-- WHAT IS BEING ASKED --
The copy you give must match the records exactly, except that it holds no images.

RECORD EXTRACTS below:

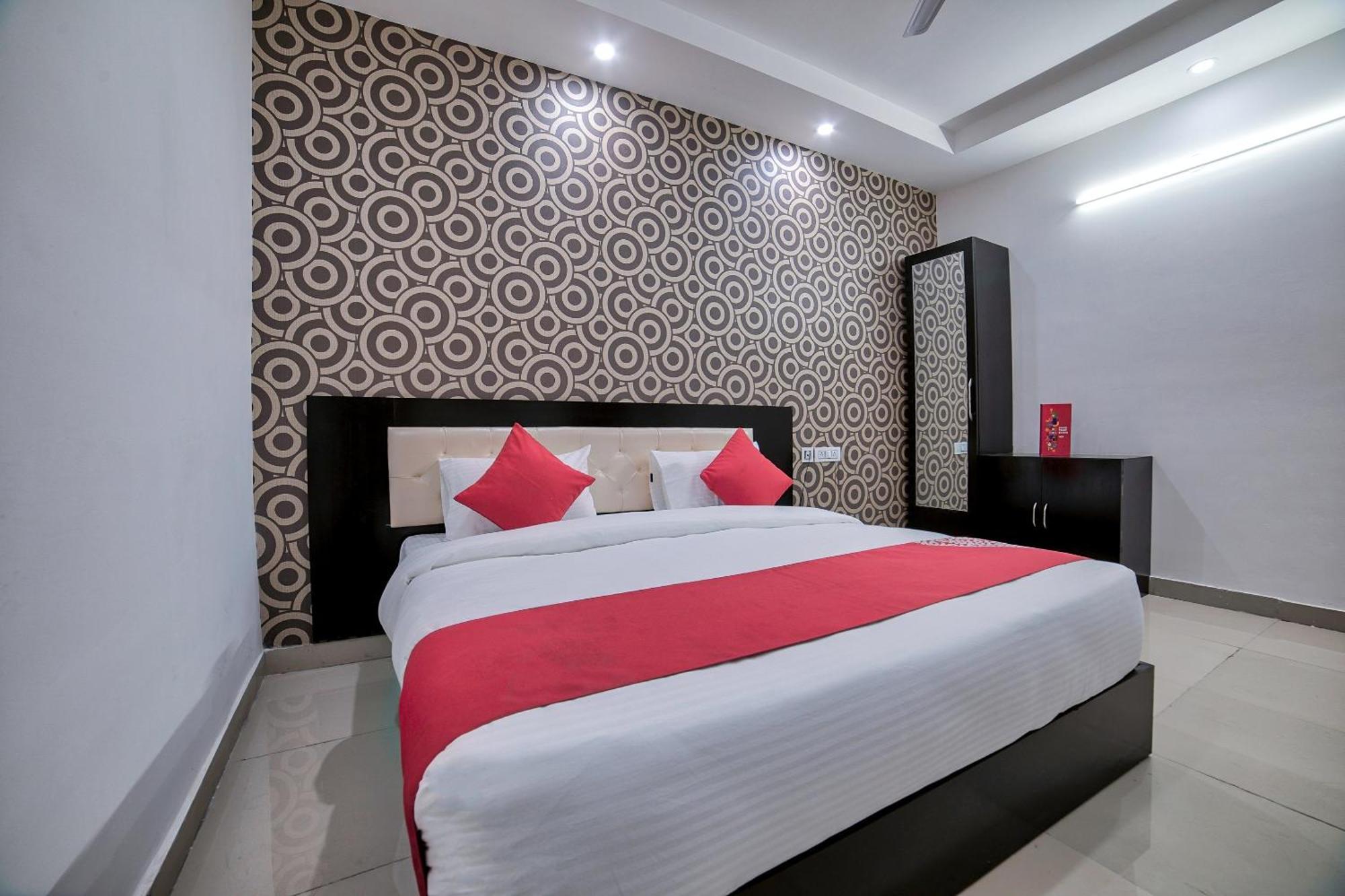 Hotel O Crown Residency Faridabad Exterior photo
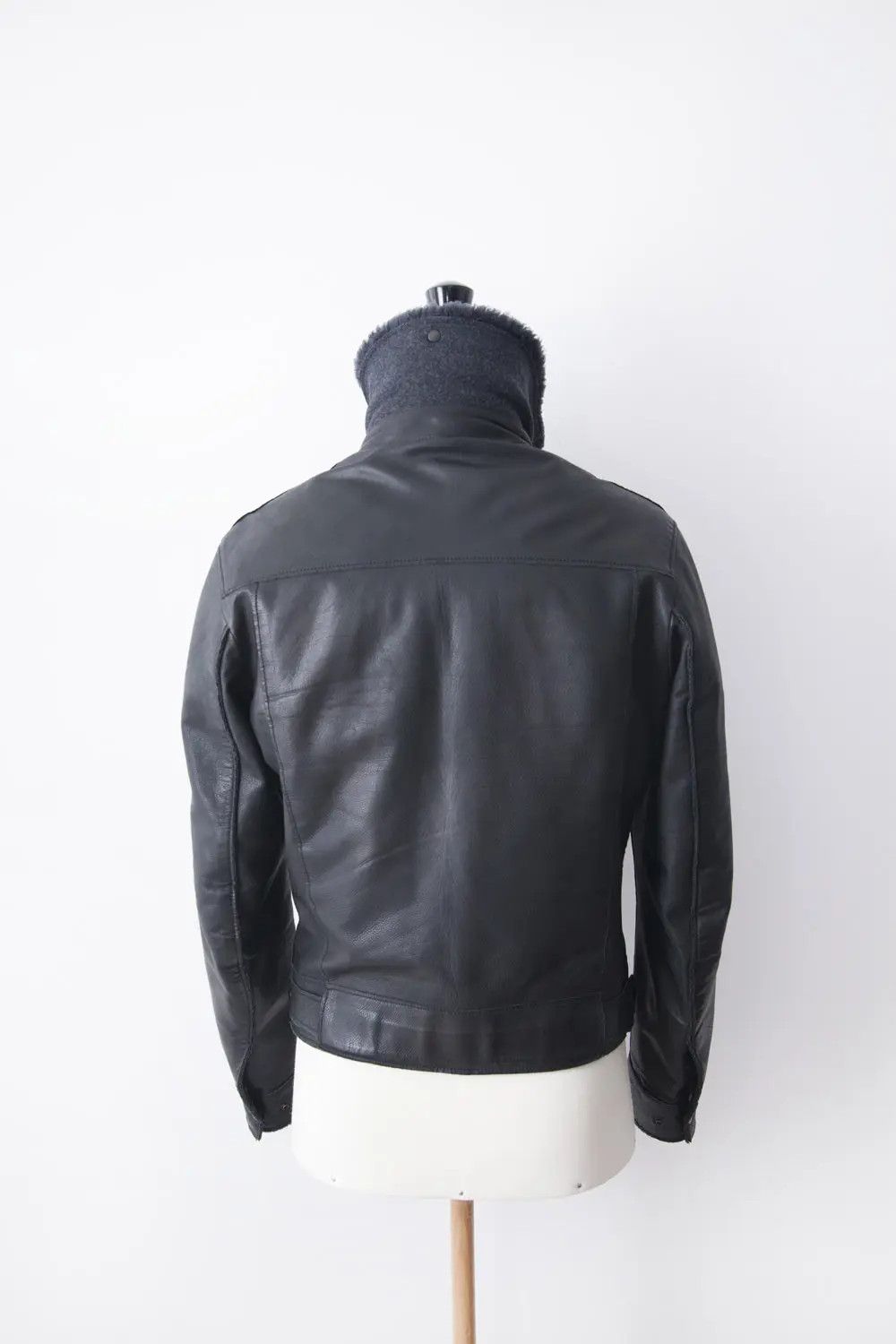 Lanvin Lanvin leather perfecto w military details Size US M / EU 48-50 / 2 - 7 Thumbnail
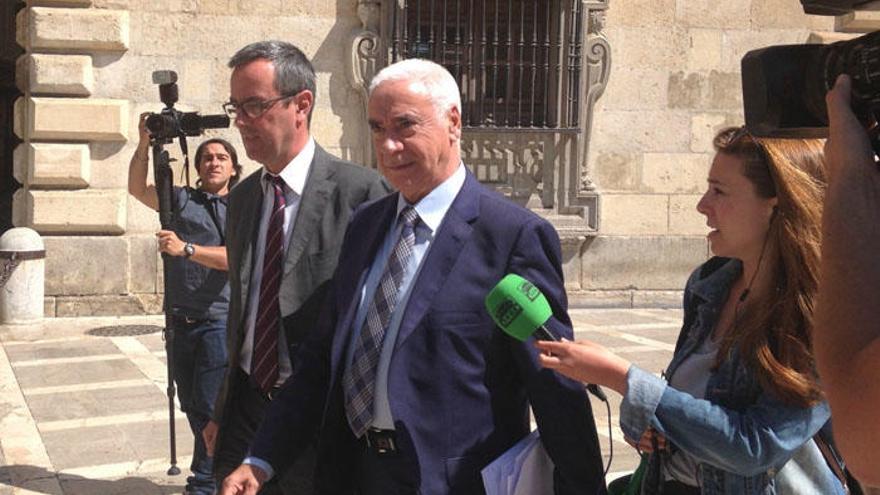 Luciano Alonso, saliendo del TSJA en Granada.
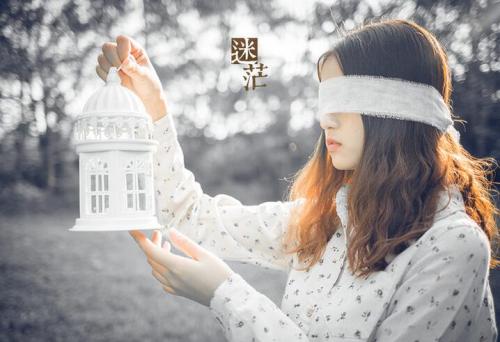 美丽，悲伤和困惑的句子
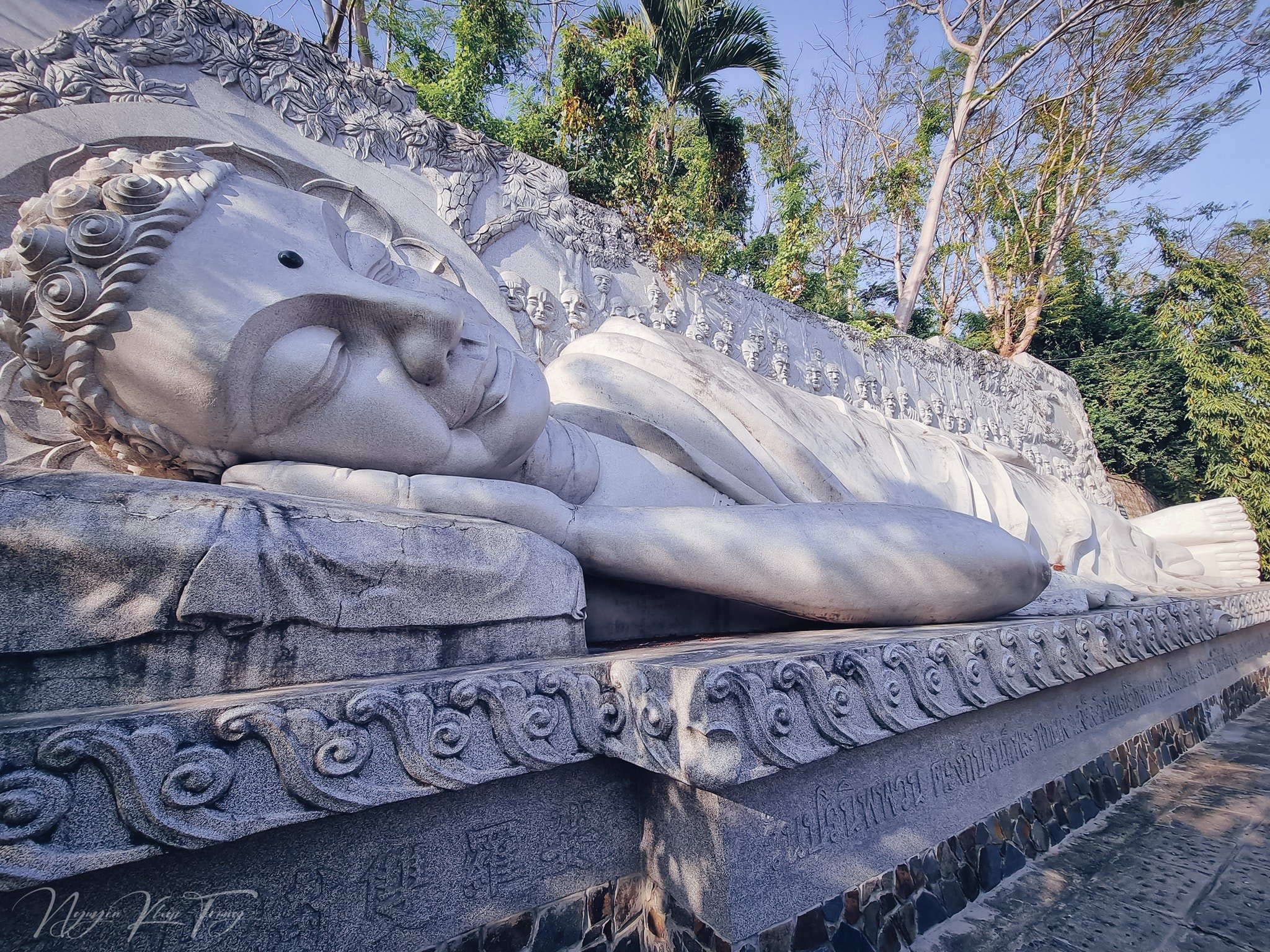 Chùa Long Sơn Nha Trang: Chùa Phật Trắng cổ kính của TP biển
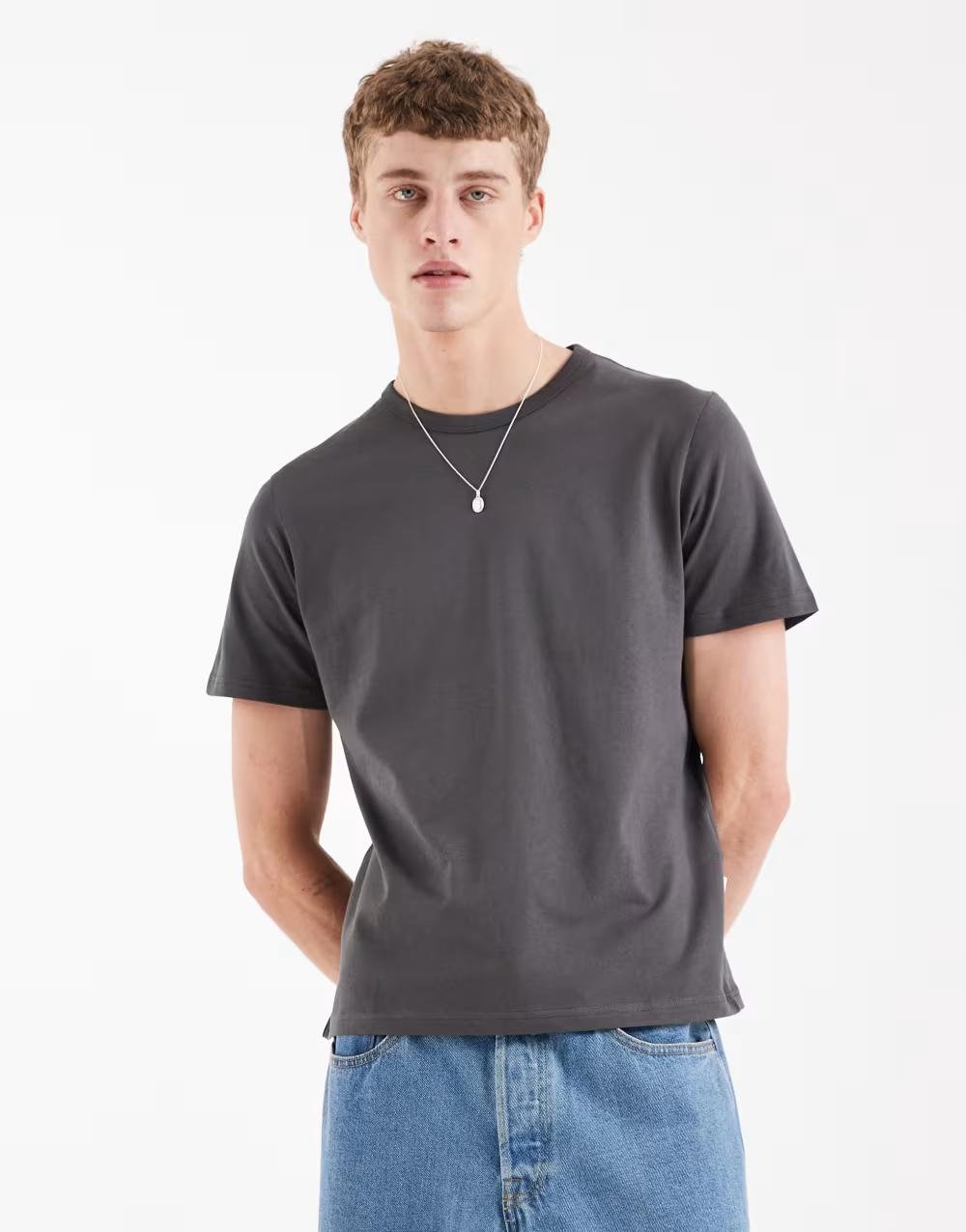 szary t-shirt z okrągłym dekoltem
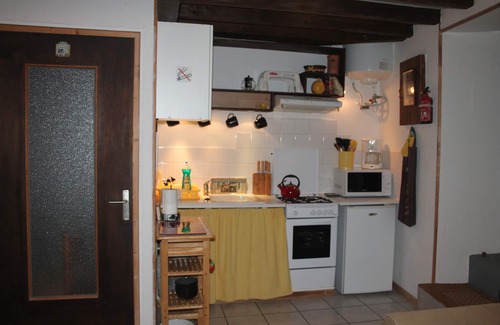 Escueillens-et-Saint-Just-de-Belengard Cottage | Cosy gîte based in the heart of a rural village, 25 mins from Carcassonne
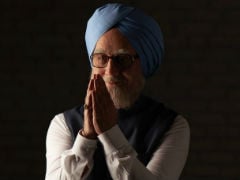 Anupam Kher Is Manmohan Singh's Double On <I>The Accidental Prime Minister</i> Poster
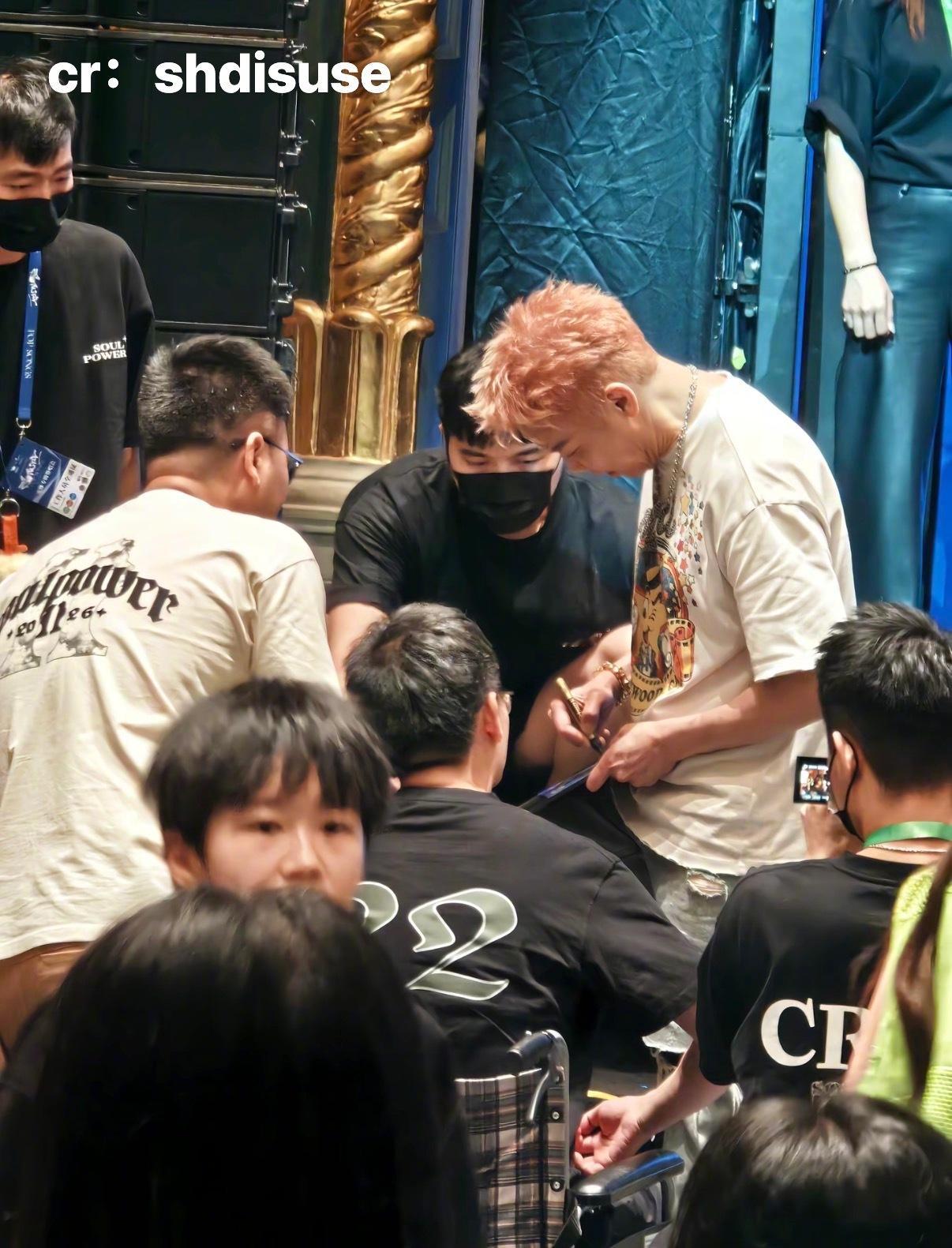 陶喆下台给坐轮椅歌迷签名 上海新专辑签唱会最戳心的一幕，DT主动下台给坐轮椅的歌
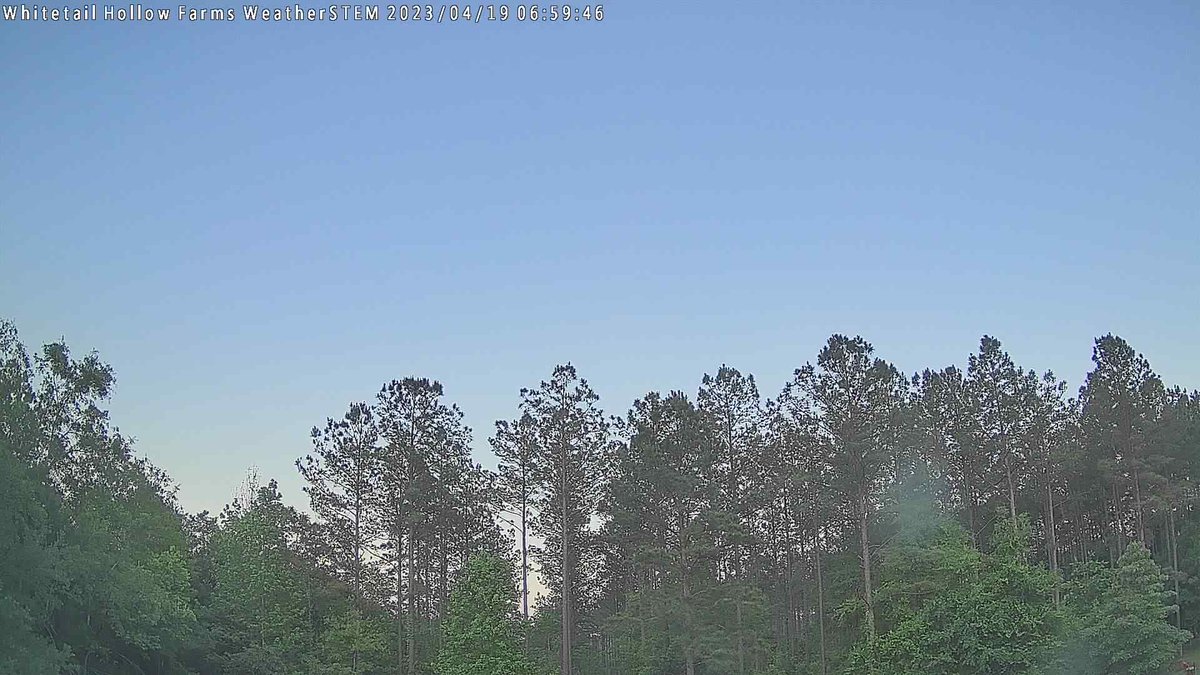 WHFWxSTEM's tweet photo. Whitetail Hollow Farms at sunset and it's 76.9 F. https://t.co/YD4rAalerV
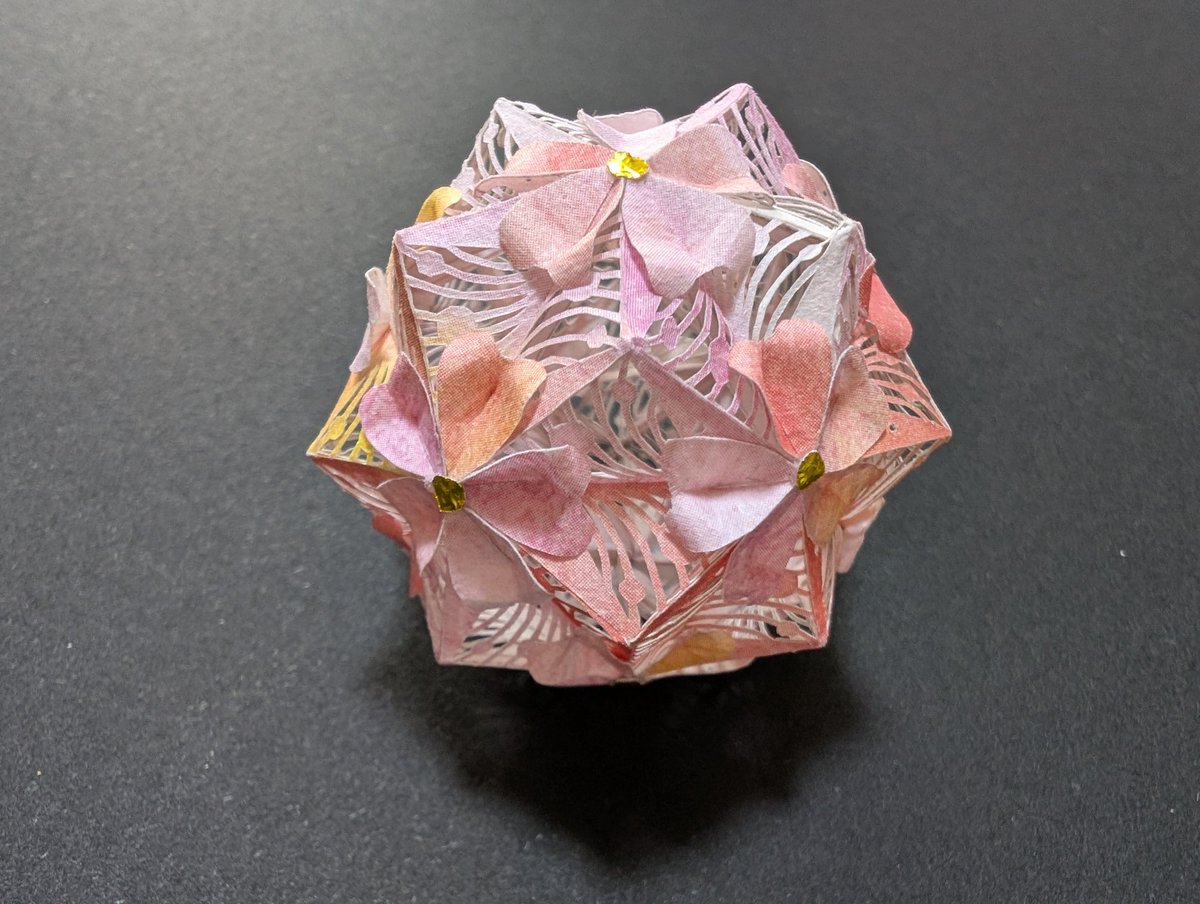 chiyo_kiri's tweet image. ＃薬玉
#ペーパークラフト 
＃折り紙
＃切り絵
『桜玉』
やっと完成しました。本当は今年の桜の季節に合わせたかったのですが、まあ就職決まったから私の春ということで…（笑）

End of RECORD EXTRACTS.

-- SOLUTION FOR THIS TASK --
 Hotel O Crown Residency Faridabad Exterior photo
 Lanvin Lanvin leather perfecto w military details Size US M / EU 48-50 / 2 - 7 Thumbnail
 Luciano Alonso, saliendo del TSJA en Granada.
 美丽，悲伤和困惑的句子
 Chùa Long Sơn Nha Trang: Chùa Phật Trắng cổ kính của TP biển
 szary t-shirt z okrągłym dekoltem
 Escueillens-et-Saint-Just-de-Belengard Cottage | Cosy gîte based in the heart of a rural village, 25 mins from Carcassonne
 Anupam Kher Is Manmohan Singh's Double On <I>The Accidental Prime Minister</i> Poster
 陶喆下台给坐轮椅歌迷签名 上海新专辑签唱会最戳心的一幕，DT主动下台给坐轮椅的歌
 WHFWxSTEM's tweet photo. Whitetail Hollow Farms at sunset and it's 76.9 F. https://t.co/YD4rAalerV
 chiyo_kiri's tweet image. ＃薬玉
#ペーパークラフト 
＃折り紙
＃切り絵
『桜玉』
やっと完成しました。本当は今年の桜の季節に合わせたかったのですが、まあ就職決まったから私の春ということで…（笑）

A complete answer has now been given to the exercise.